Identifying Protoform Practices: Leadership
Steinkuehler, Constance, Elizabeth King, Sarah Chu, Esra Alagoz, Aysegul Bakar Corez, David Simkins, Yoonsin Oh, Bei Zhang. 2009. Identifying Protoform Practices: Leadership. International Journal of Learning and Media 1(2)
A growing amount of evidence points to a literacy crisis among teenage boys in the United States. Nationally only 65% of all boys graduate (Greene & Winters, 2006), and of those who persist, by age 17, only one in seventeen can read well enough to understand information from a specialized text such as the science section of a newspaper (Thinking K-16, 2001). Overall the “typical boy lags a year and one-half behind the typical girl” (Kleinfeld, 2006). On the bright side, a growing body of research points to the potential of games as routes toward literacy learning (Steinkuehler, 2007), and as we know, teenage boys comprise a large share of their market. If boys love games and games, under the right conditions, foster literacy, then can we use games as a way to re-engage young men in reading and writing digital and print text?
We’ve spent the past two years exploring this question in the context of an after school online games based lab using World of Warcraft. We work with boys from working-class and low-income populations who are either at-risk of failing literacy related courses at school or report feeling disaffiliated with school in general.

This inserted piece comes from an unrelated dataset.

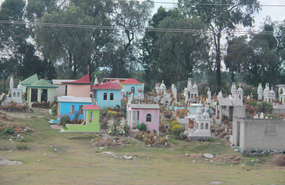 Bright colouful cemetry
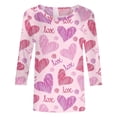 thumbnail image 4 of SZXZYGS T-Shirts Graphiques pour Femmes Crop Top Nœud T-Shirt Manches Trois-Quarts Imprimé Saint-Valentin Col Rond Été 2024, 4 of 4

Our goal has been to tap into the boys’ passion for gaming and develop a bridge toward those literacy practices that should serve them well in school and in life (Steinkuehler, 2008; Steinkuehler & King, 2009; Steinkuehler, King, Fahser-Herro, Simkins, & Alagoz, 2008). Our approach is to homegrow a learning community where boy culture (Newkirk, 2002) and gamer dispositions are nurtured and valued; these interests and dispositions then become the basis for cultivating literacy practices as a means toward their own ends.